Captioned web images
★ ★ ★ ★ ★ ★ ★
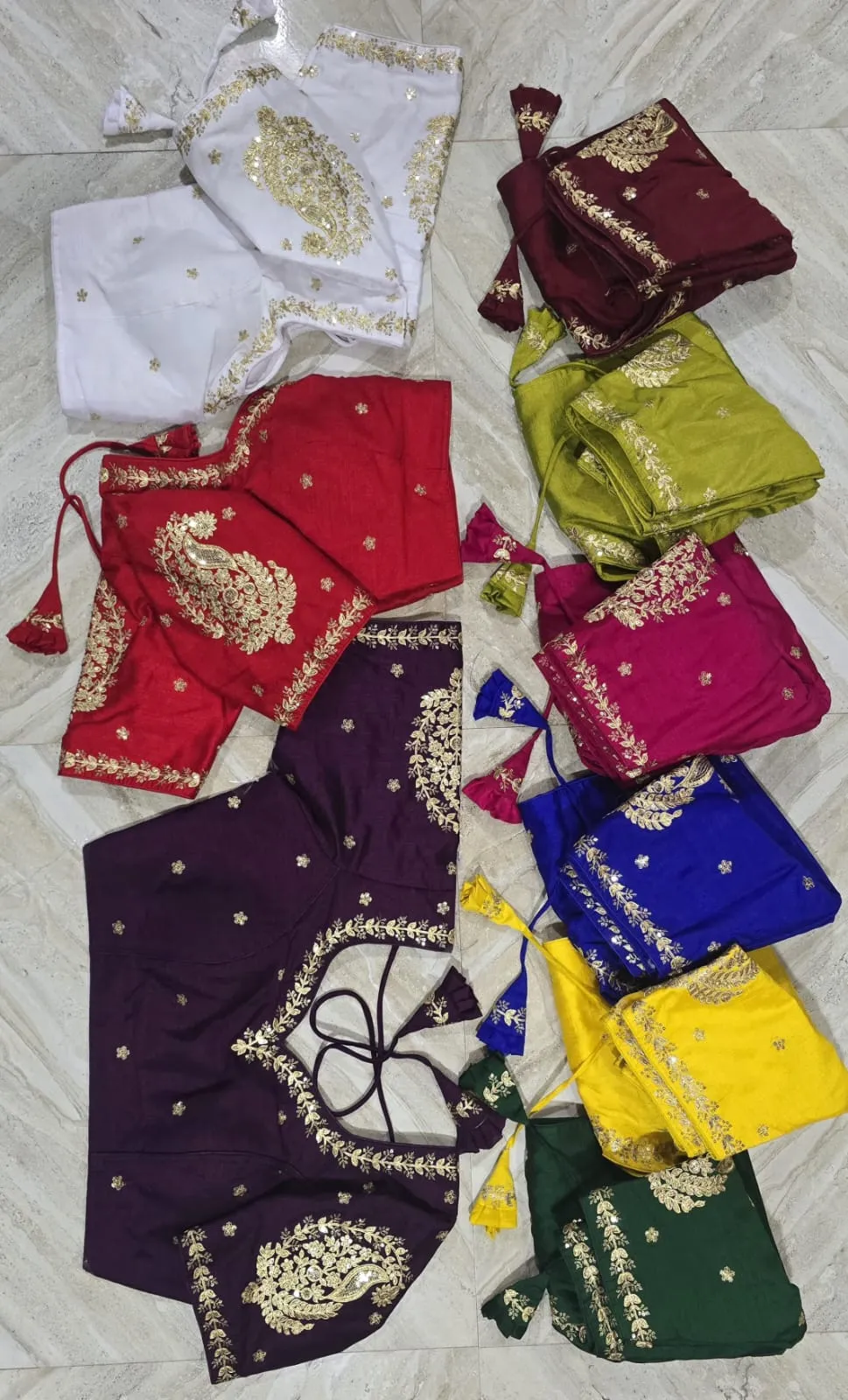 Premium Aari Work Readymade Saree Blouse Collection – Embroidered Silk Designer Blouses 1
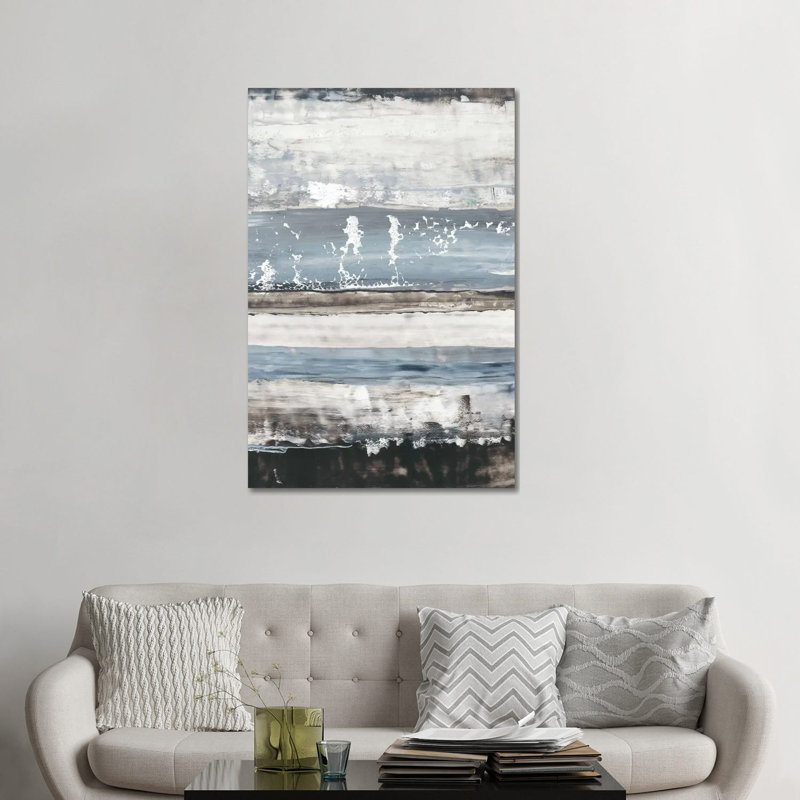 "Icy horizon I" par Ethan Harper, reproduction d’art, Pas de tapis, H 48 po x l 32 po x P 1,5 po, Toile tendue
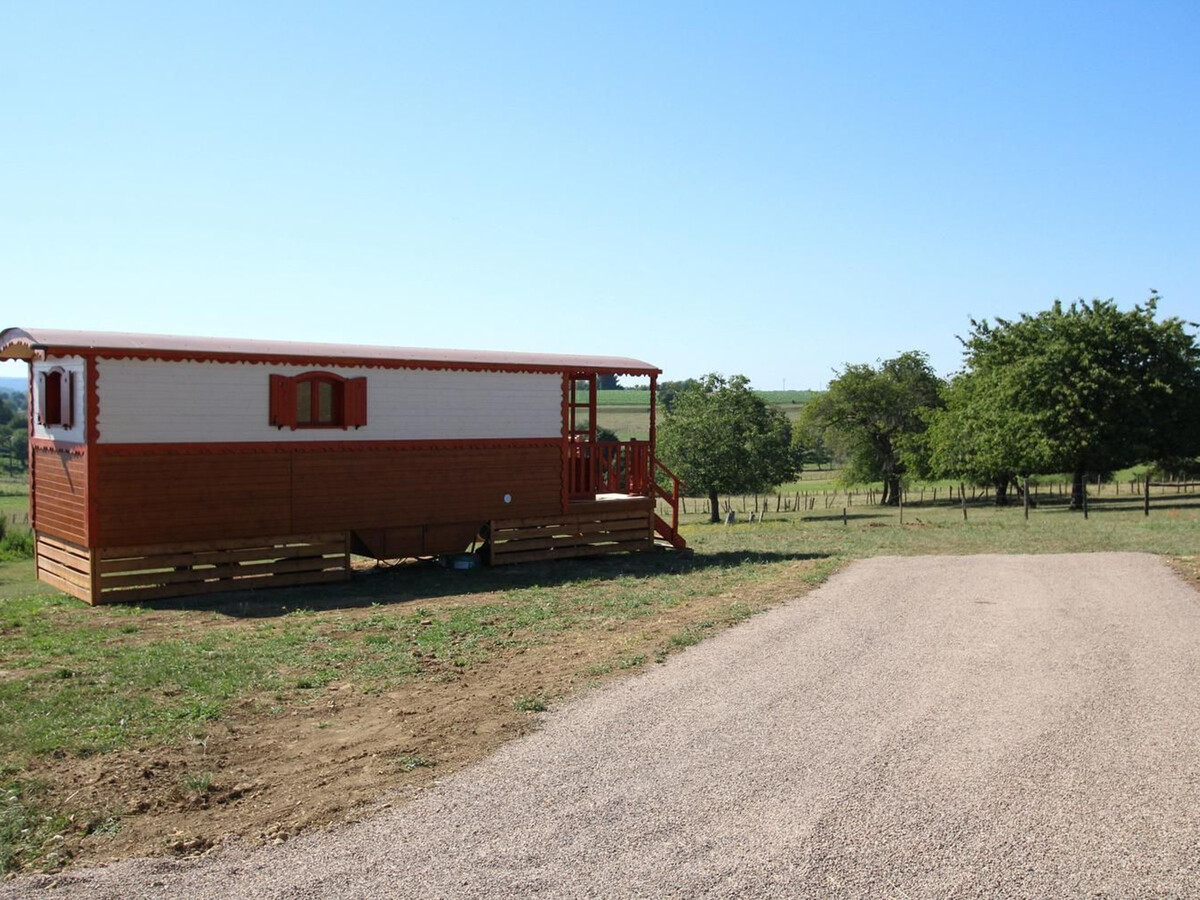 Roulotte comtoise avec piscine chauffée, Vallée de la Saône - Photo 13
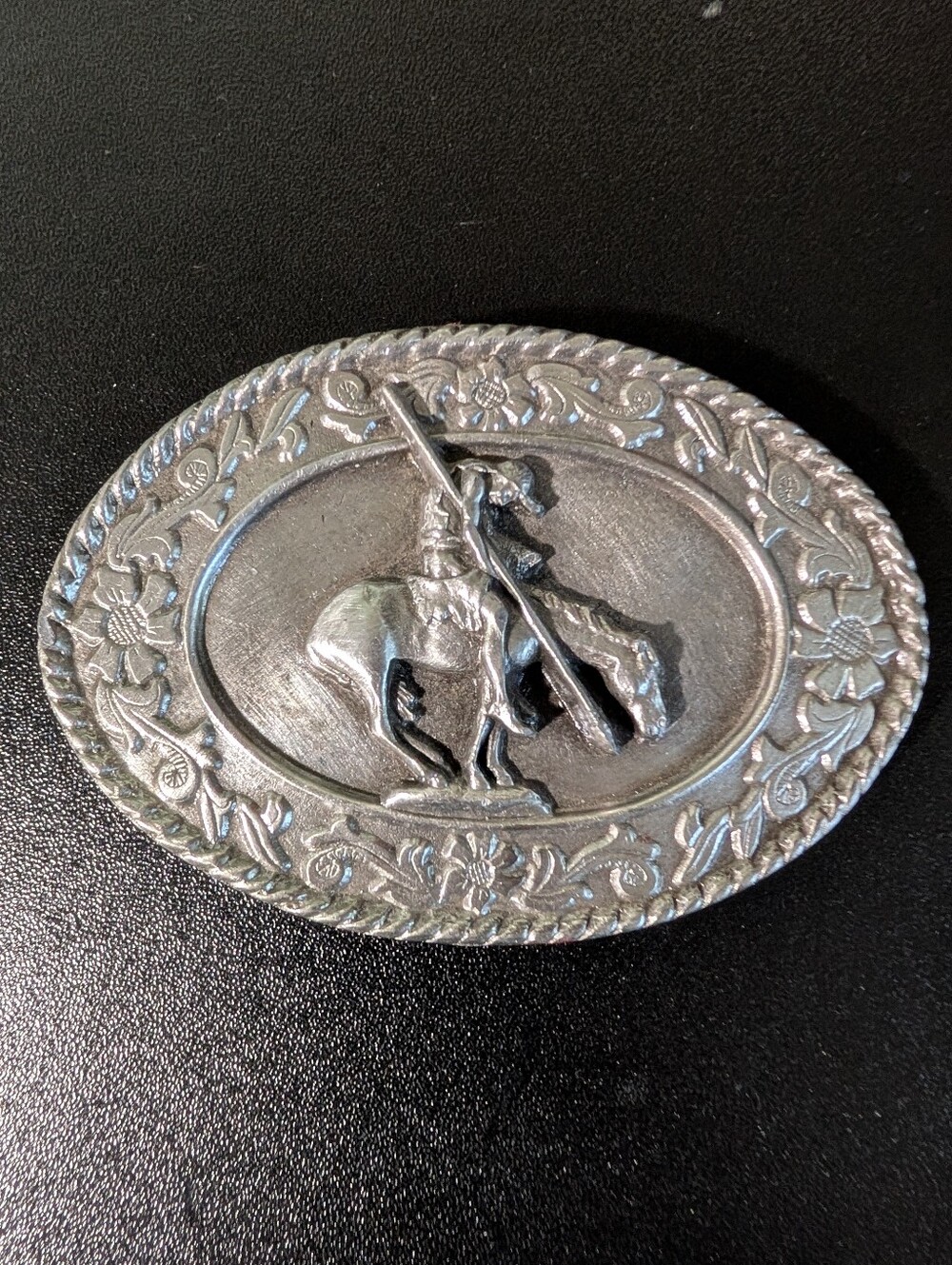 Vintage Siskiyou Buckle Co 1988 Western Cowboy Horse Belt Buckle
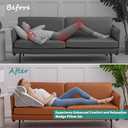 Wedge Pillow Headboard, 3PCS Orthopedic Bed Wedge Pillows Set for After Surgery, Adjustable Pillow Wedge for Acid Reflux&Back Pain Relief, Sleeping, Back Pillow for Bed Sitting Up, White/Grey (Adjustable 9&12 Inch + 1 Head Pillow)
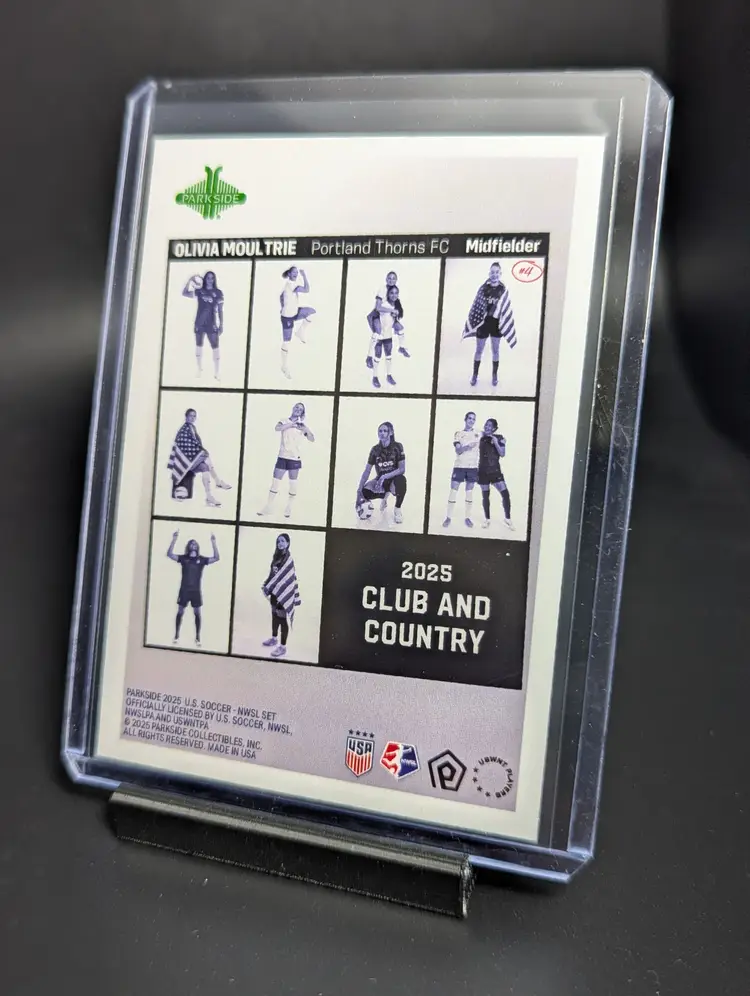 2025 Parkside NWSL/USWNT Club and Country Studio /200 Olivia Moultrie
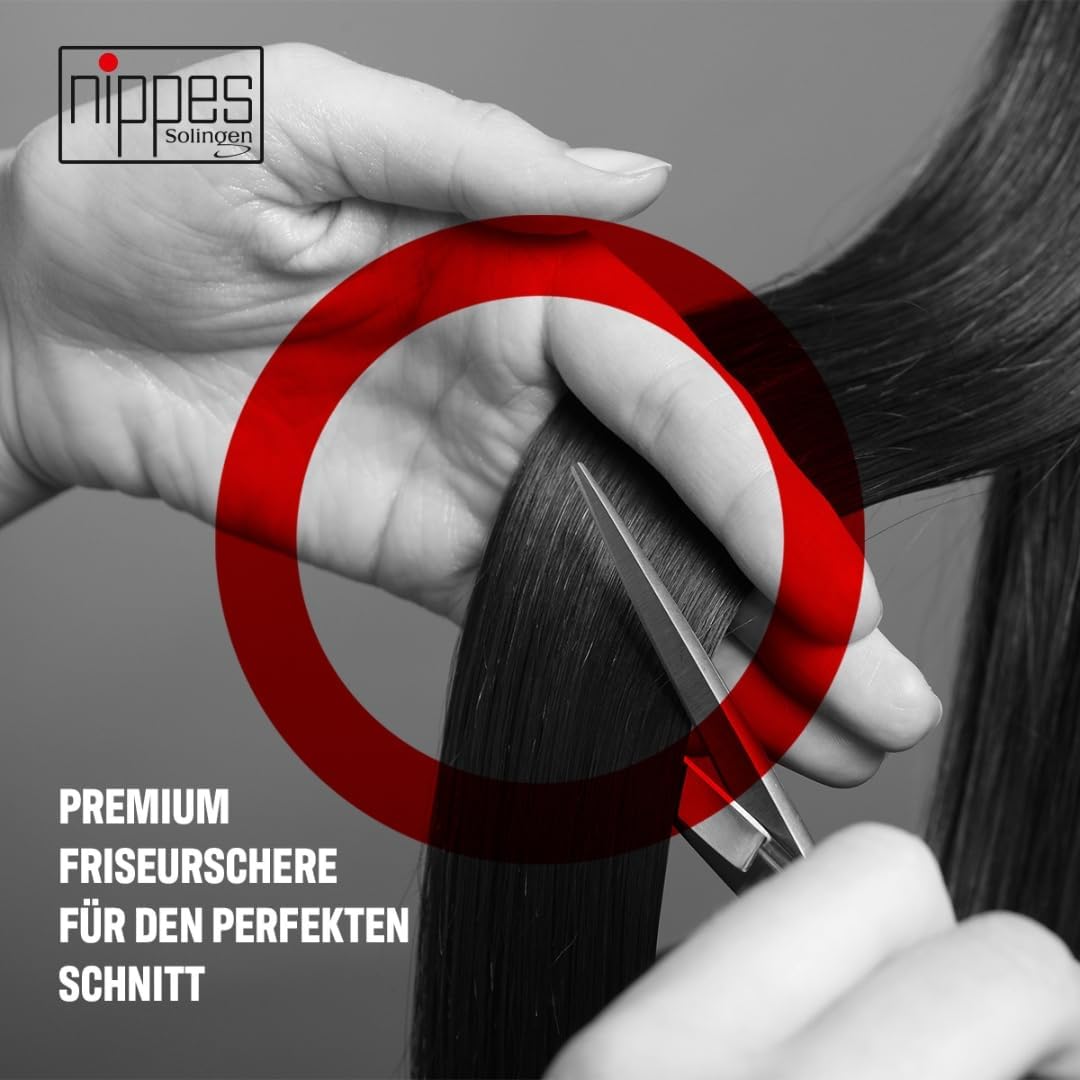 Nippes Barber Scissors with Finger Rest 590-17F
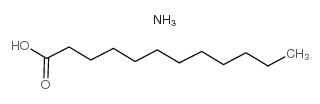 ammonium laurate Structure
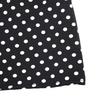 Women's Fashion Summer Spring Polka Dot Print Sleeveless O-Neck High Waist Casual Dresses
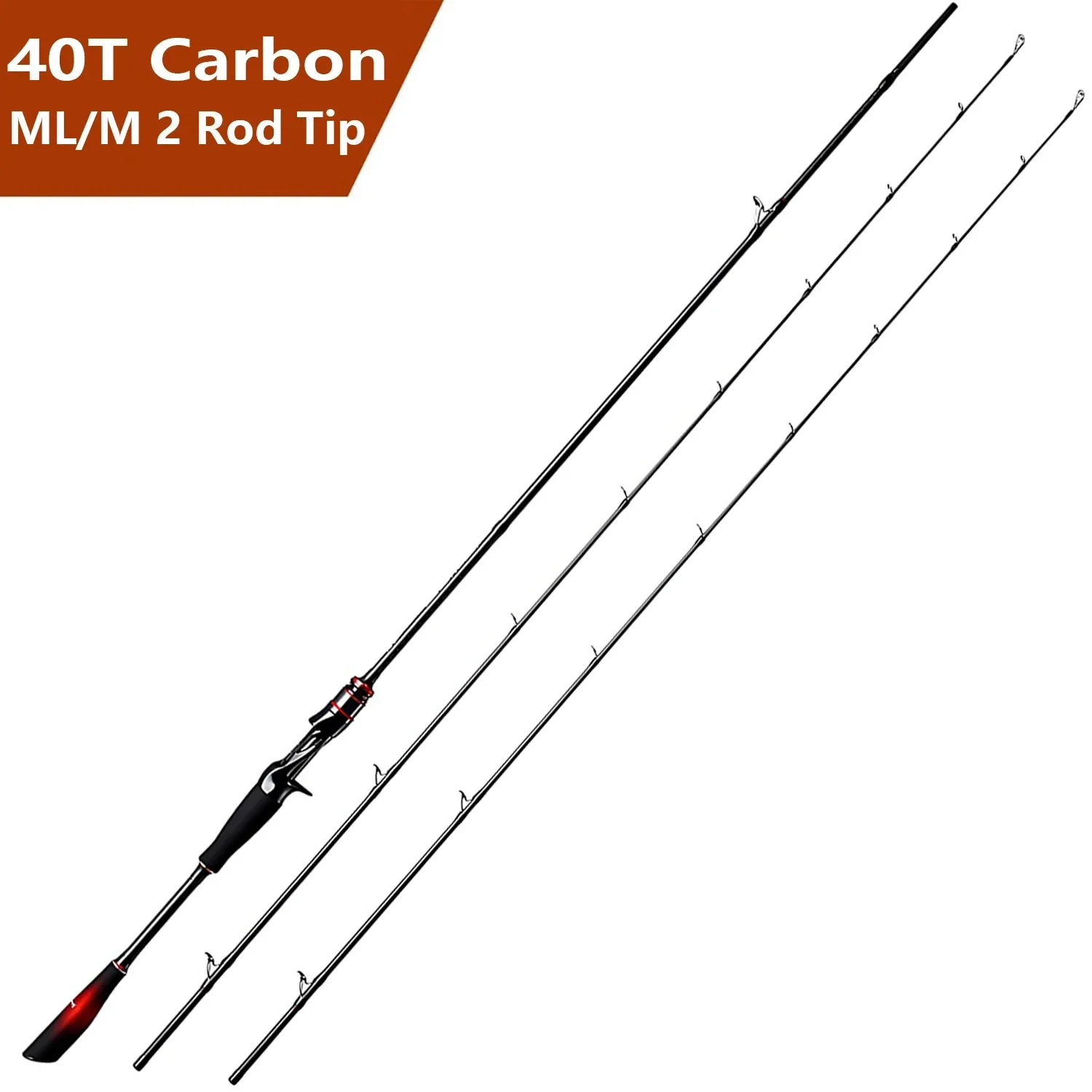 Fishing Equipment Brands - Tongkat pancing serat karbon 40T, joran
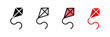 Kite icon vector illustration. kite sign and symbol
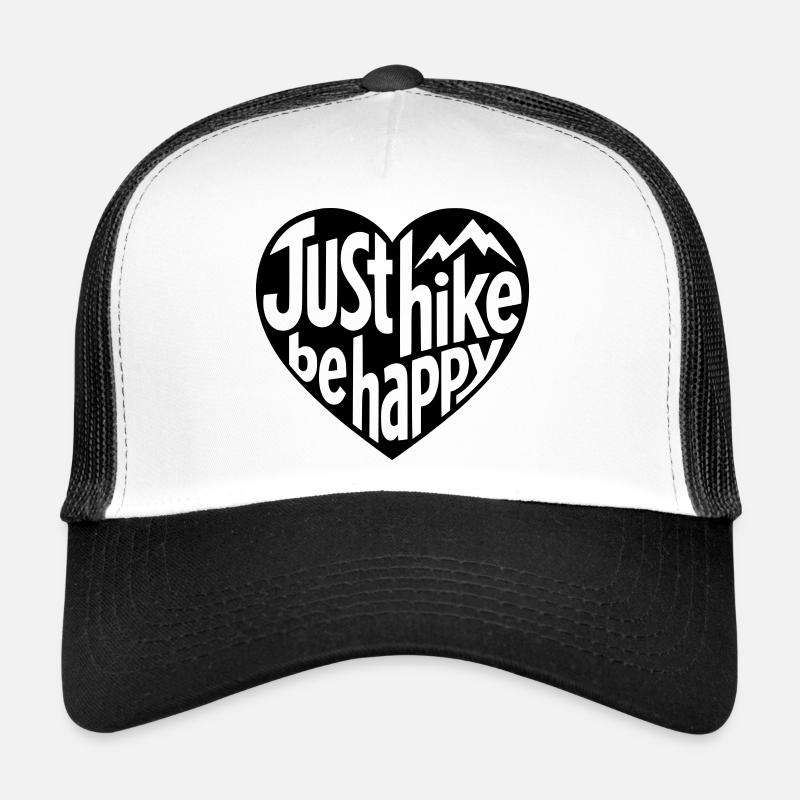 Wander-Design - Juste marcher, sois heureux, Herz Casquette trucker 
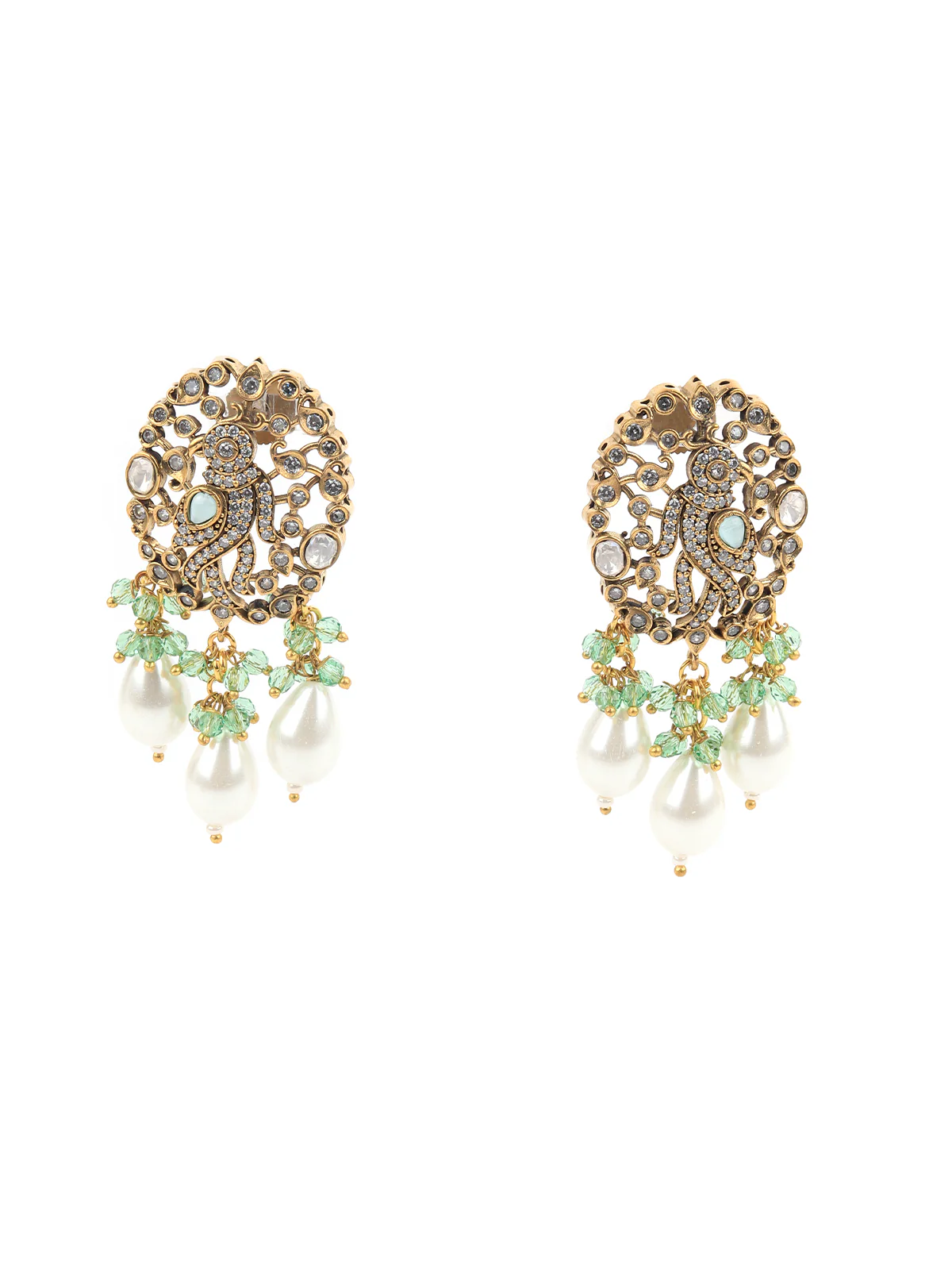 Odette Gold Alloy Jewellery Set For Women - Image 3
★ ★ ★ ★ ★ ★ ★
Assignment
For each record above, write out its text exactly and skip any picture.

Written solution
 Premium Aari Work Readymade Saree Blouse Collection – Embroidered Silk Designer Blouses 1
 "Icy horizon I" par Ethan Harper, reproduction d’art, Pas de tapis, H 48 po x l 32 po x P 1,5 po, Toile tendue
 Roulotte comtoise avec piscine chauffée, Vallée de la Saône - Photo 13
 Vintage Siskiyou Buckle Co 1988 Western Cowboy Horse Belt Buckle
 Wedge Pillow Headboard, 3PCS Orthopedic Bed Wedge Pillows Set for After Surgery, Adjustable Pillow Wedge for Acid Reflux&Back Pain Relief, Sleeping, Back Pillow for Bed Sitting Up, White/Grey (Adjustable 9&12 Inch + 1 Head Pillow)
 2025 Parkside NWSL/USWNT Club and Country Studio /200 Olivia Moultrie
 Nippes Barber Scissors with Finger Rest 590-17F
 ammonium laurate Structure
 Women's Fashion Summer Spring Polka Dot Print Sleeveless O-Neck High Waist Casual Dresses
 Fishing Equipment Brands - Tongkat pancing serat karbon 40T, joran
 Kite icon vector illustration. kite sign and symbol
 Wander-Design - Juste marcher, sois heureux, Herz Casquette trucker 
 Odette Gold Alloy Jewellery Set For Women - Image 3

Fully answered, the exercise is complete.